Lazy. Should really have blogged about all of the above. Hm. Really can’t see much general interest in a somewhat antiquated Welsh-English dictionary, though I could probably riff for ages on the likelihood of me ever needing to know the Welsh for ‘supertax’ (‘uwchdreth’, I could probably have worked that one out), or the English for ‘gwaddoliad’. Mind you, that is interesting, because it means ‘endowment’, but it’s related to marriages as well as mortgages – a gwaddol is a dowry. The link never struck me before; but of course it applies –– see? Better that I cheated, really.


What to do? Well, I’ve decided. I enjoyed doing the blog in the first year, and then it became a bit too difficult. That’s no longer the case, so I’m going to slap myself around the head and start it up again. I’m going to adopt a conscious randomness, as it were. I’ll choose, rather than letting the dice do the selection, and that will remove the need for cheating. And I will make a deliberate effort not to choose things I’ve read recently. And I will also make a deliberate effort to go for non-fiction more than fiction (not too hard, given my selection), and to talk more about my illustrated books, which do tend to get overlooked. Heavy, you see – have to be propped up.
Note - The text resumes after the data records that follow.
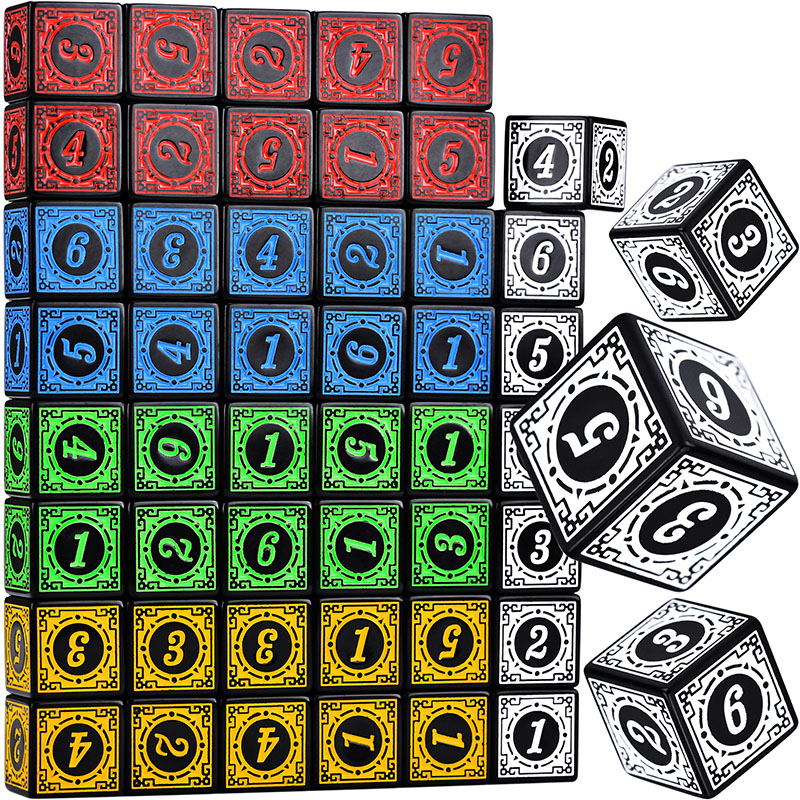 10 개/대 아크릴 주사위 세트 D6 새겨진 패턴 다면 - Board Game Pandemic 리뷰 및 가격
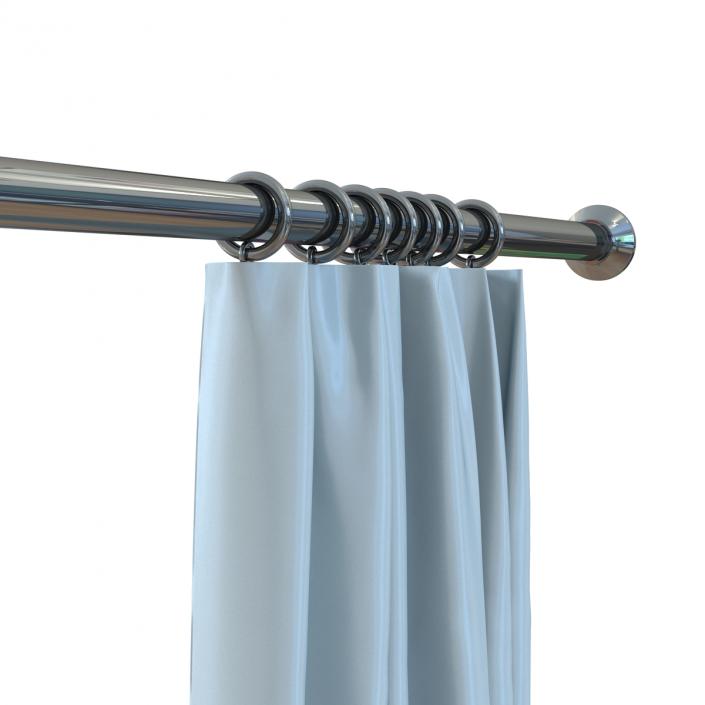 Curtain 5 Blue 3D model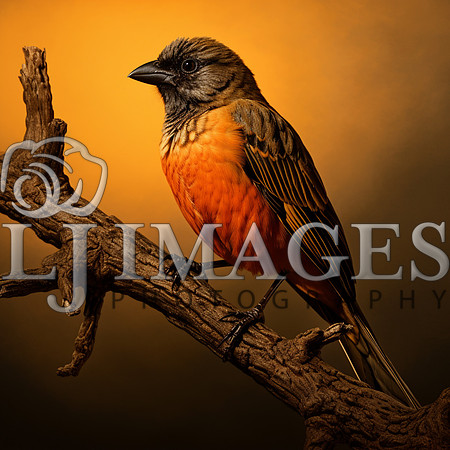 destinyunlimited_Orange_bird_sitting_on_a_limb_on_the_orange_ba_8e72d139-bf4f-47e8-b103-530e8ab6049f-3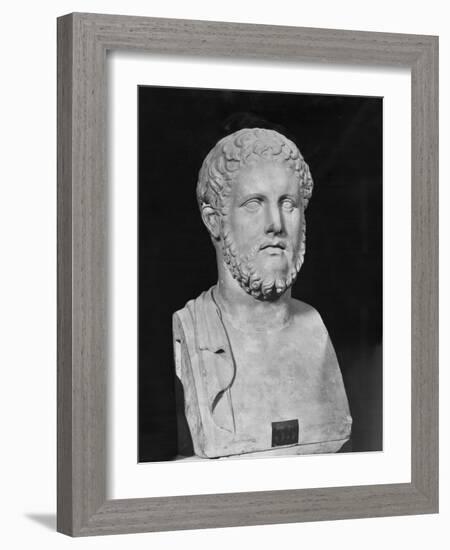 Bust Sculpture of Alcibiades-null-Framed Giclee Print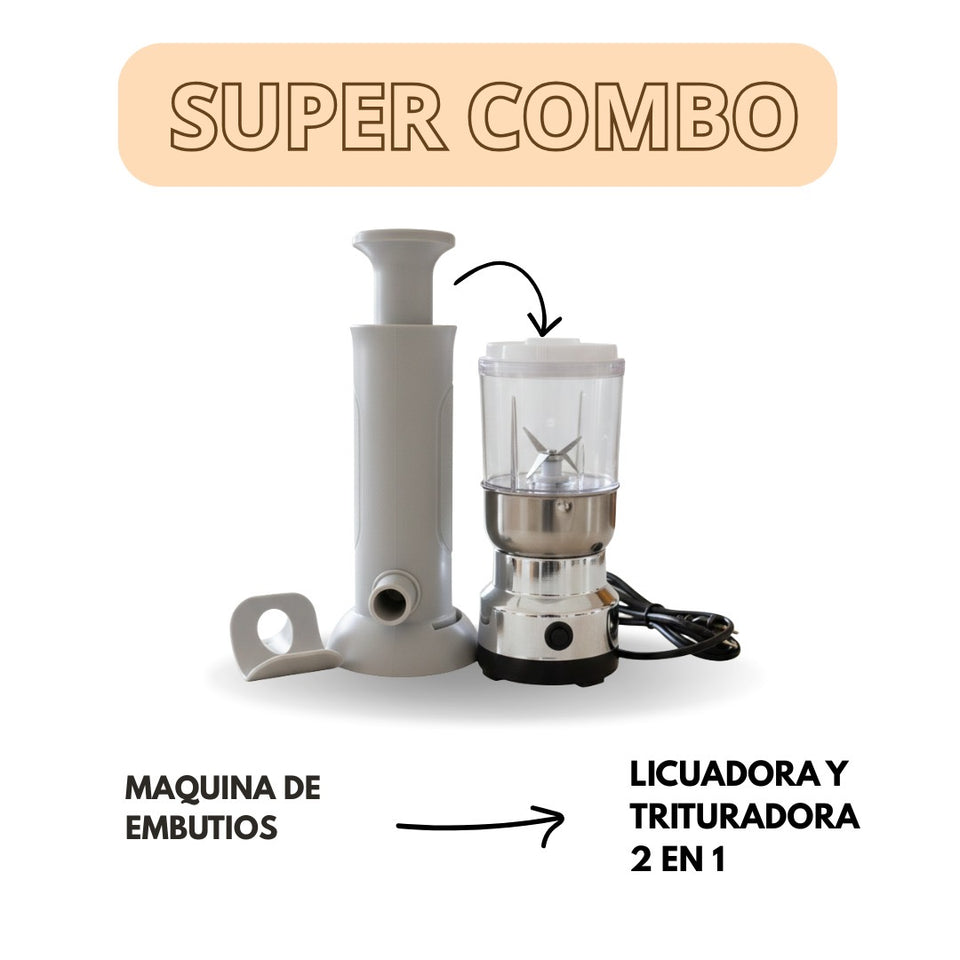 Máquina para Embutidos + Licuadora Trituradora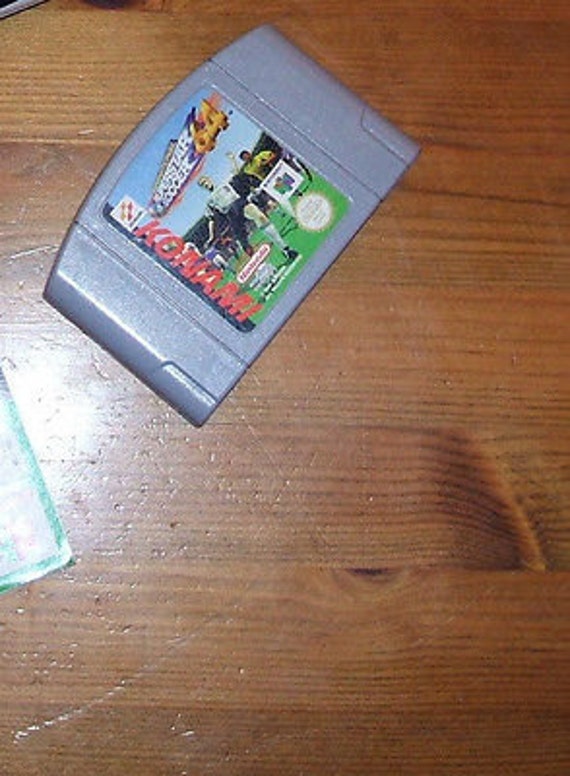 International Superstar Soccer Nintendo 64 Game Cartridge Etsy International Superstar Soccer Nintendo 64 Game Cartridge Etsy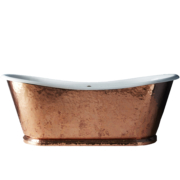 The Hammered Copper Wye Bateau Cast Iron Bath Tub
And no dictionaries. Promise.

On not being able to read (comfortably)

readingTo sort-of quote Arnie, I’m back.

I can say that with some confidence because I have finally shed my nasty neck collar – which I was only wearing for some exercises, admittedly – and now have what the physio described as ‘a good range of movement’. Painful movement, sometimes, but movement. And I am no longer getting dizzy all the time when I look down. Some of the time, still, but it is soooo much better. For the first time in months I have been able to sit in a chair and read. Am putting out the bunting now…

I’ve been trying not to grumble because I know that, neck injuries being neck injuries, things could have been a lot worse. It seems churlish to chunter about not being able to read anything other than a light paperback when my fall – wet walking boots + wet slate = not good – could have been so much worse, involving the air ambulance and a quick trip to Stoke Mandeville. I have also gained enormous respect for neurologists. It seems to me the medical discipline most close to quantum physics, mixed with a healthy dash of philosophy, alchemy and the doctrine of signatures. Very strange and very amazing.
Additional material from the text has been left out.